Data into and out of the UDF is handled in two ways, pass by value (ByVal) and pass by reference (ByRef). These are broken down as follows (I’ll use Rockwell nomenclature for the moment
- Pass By Value: Input and Output
- Pass By Reference: InOut
The ByRef parameter exchange is exactly as expected, the pointer to the data specified is applied to a local name and all of that data is exposed to the UDF. The benefit here is that the UDF can modify the data in the supplied data, the bad news is - the UDF can modify the data. Planning for this must be considered.
One of the biggest mistakes that’s made with ByRef data is to create a huge User-Defined Type (UDT) and put everything into that; this is typical of the subroutine method. Including things such as one-shot bits, internal timers, counters, and working registers/arrays. Nothing stops the programmer from doing this but the real question is “Does this data need to be exposed?” Temporary and working variables have no value outside of the routine, therefore, as good form, don’t put them there. These types of elements are best suited to internal / local variables that actually have a name that means something, versus the obscure names that always seem to creep up “WorkingBits”.
The ByVal data parameters are exactly as stated, a value is copied from outside of the UDF to internal / local variables, and vice-versa, for use. The simpler of the two parameter types is the Output. This parameter is designed to be calculated inside the UDF and made available for use outside of the UDF. Every time the block is scanned the output will be recalculated and made available. If the programmer wants to use the result(s) then they do so as needed.
The other parameter type, Input, the converse of the Output but with some interesting twists. The Input parameters are copied from the variables or registers indicated and available for use in the block. This is the straight-forward use of these parameters. The twist that exist with Input parameters is that they do not have to have an outside variable assigned to them. These variables can exist as exposed, internal registers.
This opens Input parameters to be employed in other ways. The parameters can themselves be used directly as specific instance variables. Input parameters have the property of a Default value which is available outside the UDF as well as inside. In one stroke it is possible to create ‘Configuration’ parameters for the instance of the UDF; combining UDT type qualities with the UDF. This means that if the timer Setpoint is 30 seconds, that can be defined as an Input and visible to the UDF as well as the “outside world”. This is behavior is just like an object property in OO programming.
The final items that need to be discussed are those elements that were excluded from the “Bucket” structure: Internal Variables. These variables, of whatever type is required, need to be declared as part of the UDF itself. It is at this point that the UDF diverges from the sub-routine model in automation controllers. Each time a UDF is used in code memory space is reserved for the internal bits & registers, the distinction is that they are not visible for use; only parameters are exposed.

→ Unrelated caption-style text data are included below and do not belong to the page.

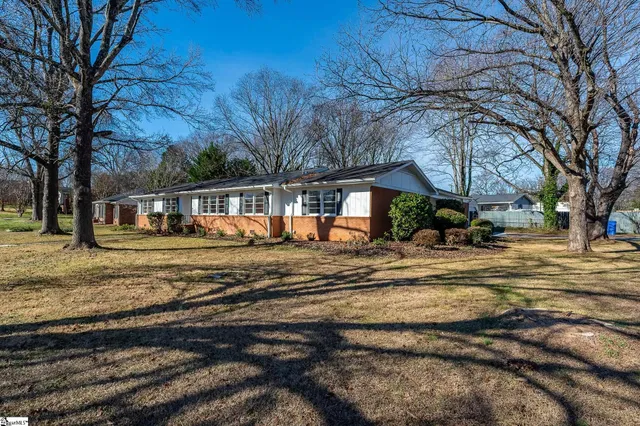 $367,000 | 8 Howell Circle, Greenville, SC 29615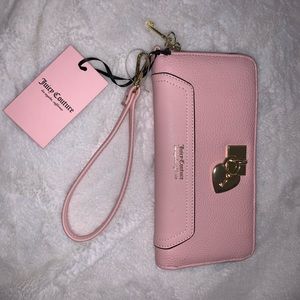 Juicy coutour wallet !!!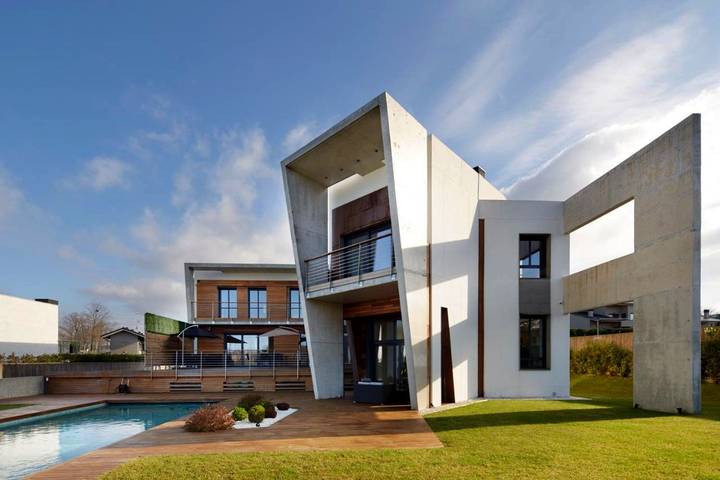 Casa rural para 8 personas, con piscina además de vistas y jardín en San Sebastián - 2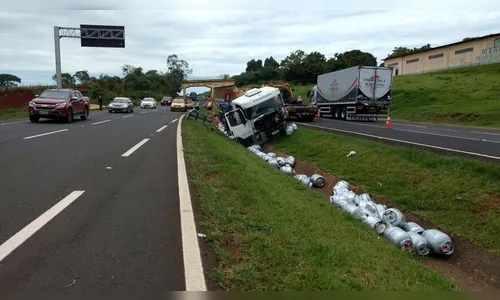 Caminhão de gás bate em canaleta e botijões são lançados na BR-376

The last thing that has to be considered when dealing with UDF’s and their internal data elements is initialization and what happens when the block is NOT being scanned. Typically, there are extra states available for those. It is the requirement of the programmer to set these up themselves. Assuming that the block will always be scanned is not practical and ‘sloppy’. It’s kinda like going to your mothers for dinner and then not helping to clean the table and do the dishes afterwards. Be courteous to those that follow after you.
It should be apparent that the ideas and concepts raised here just scratch the surface of the capability of the User Defined Function capabilities. The most important point to all of this is that these are very powerful tools for the programmer’s kit, they just need to be thought out ahead of time. These can add to the safety and security of your code base, they can also help to spaghettify your code.
This post was written by Jeff Monforton. Jeff is a senior engineer at MAVERICK Technologies, a leading automation solutions provider offering industrial automation, strategic manufacturing, and enterprise integration services for the process industries. MAVERICK delivers expertise and consulting in a wide variety of areas including industrial automation controls, distributed control systems, manufacturing execution systems, operational strategy, business process optimization and more. MAVERICK Technologies is a CFE Media content partner.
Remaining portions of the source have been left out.